Stony Creek is a 73.5-mile (118.3 km)-long seasonal river in Northern California. It is a tributary of the Sacramento River, draining a watershed of more than 700 square miles (1,800 km2) on the west side of the Sacramento Valley in Glenn, Colusa, Lake and Tehama Counties.

Originating on the eastern slope of the Coast Ranges, Stony Creek flows north through an extensive series of foothill valleys before turning east across the Sacramento Valley to its confluence with the Sacramento River, about 5 miles (8.0 km) west-southwest of Chico. Stony Creek is the second largest tributary to the west side of the Sacramento River; only Cottonwood Creek is larger. Stony Creek is an important source of water for agriculture in the Orland area. The river has native rainbow trout and historically had significant ocean-going runs of steelhead.

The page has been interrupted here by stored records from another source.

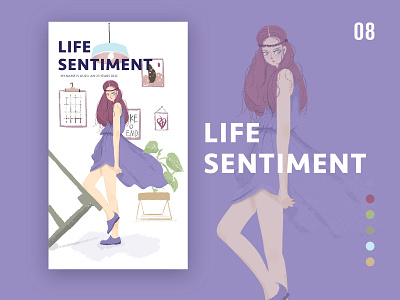 Life sentiment branding illustration illustrations life sentiment ui 插图 潮流插画 节日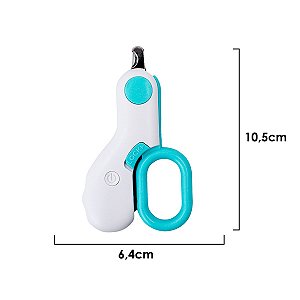 Mini Cortador De Unha Pet Alicate Com Lanterna Cachorro Gato [F102]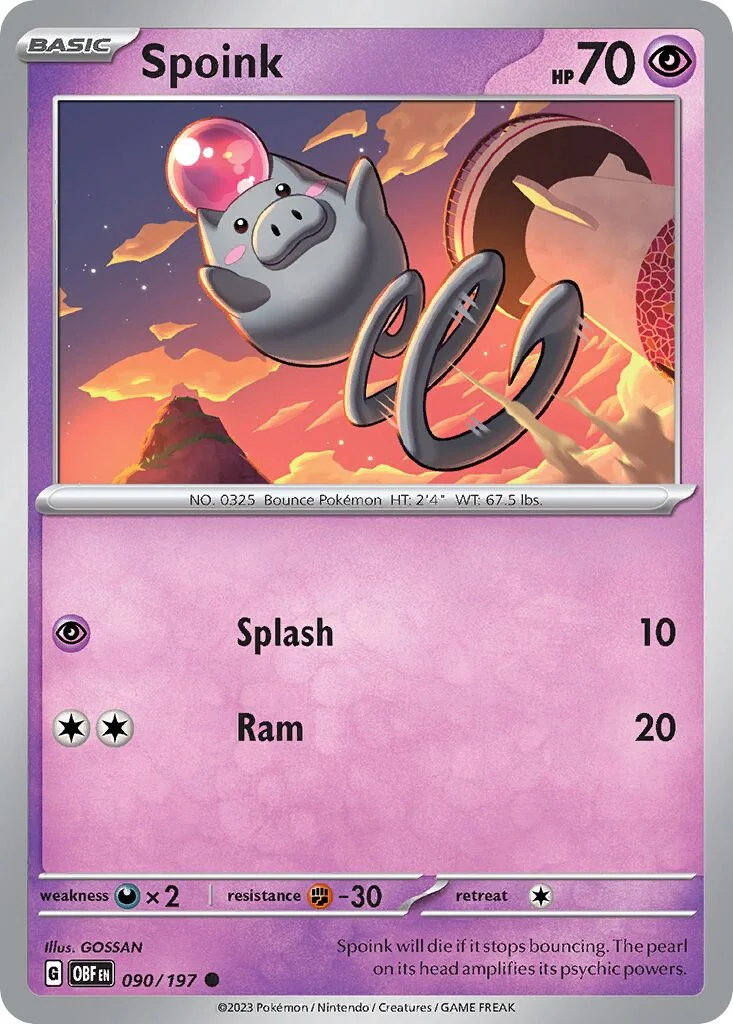 Spoink 「OBF 090/197」「EN」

Stony Creek was named for the large amount of rocks and sediments it once washed down from the mountains during floods. Today, most of the sediment is trapped behind Black Butte Dam, a flood-control structure built in 1963. It is labeled on some maps as "Stoney Creek" or "Stone Creek" and was historically known as the Capay River.

Course

Stony Creek begins as North, Middle and South Forks in the Mendocino National Forest west of Stonyford. The North Fork, 13.4 miles (21.6 km) long, originates near the border of Lake and Glenn Counties, almost immediately flowing east into Glenn County, before turning south toward the Colusa County line. The Middle Fork begins near the summit of Snow Mountain, which at 7,050 feet (2,150 m) is the highest point in both Colusa and Lake Counties, in the Snow Mountain Wilderness. It flows west, north then east through Lake and Glenn Counties in a large semi-circle for 15.2 miles (24.5 km), before joining with the Middle Fork in Colusa County. The 13.3-mile (21.4 km) South Fork flows in a northeast direction entirely within Colusa County, joining the Middle Fork less than a quarter-mile (0.4 km) upstream of the North Fork. The main stem of Stony Creek begins at the confluence of the North and Middle Forks.

The main stem of Stony Creek flows east into Indian Valley, turning north at Stonyford and re-entering Glenn County, before receiving Little Stony Creek from the right. It continues in a generally northward direction for about 20 miles (32 km) through various parallel north-south ridges and sedimentary valleys of the Coast Range foothills. At Elk Creek it is dammed at Stony Gorge Dam to form Stony Gorge Reservoir. Below the dam it receives Briscoe and Elk Creeks from the left, and is crossed then paralleled for several miles by California State Route 162. It receives its largest tributary, Grindstone Creek, from the left at Grindstone Indian Rancheria. Stony Creek then turns sharply northeast, flowing through a wide valley towards Black Butte Lake.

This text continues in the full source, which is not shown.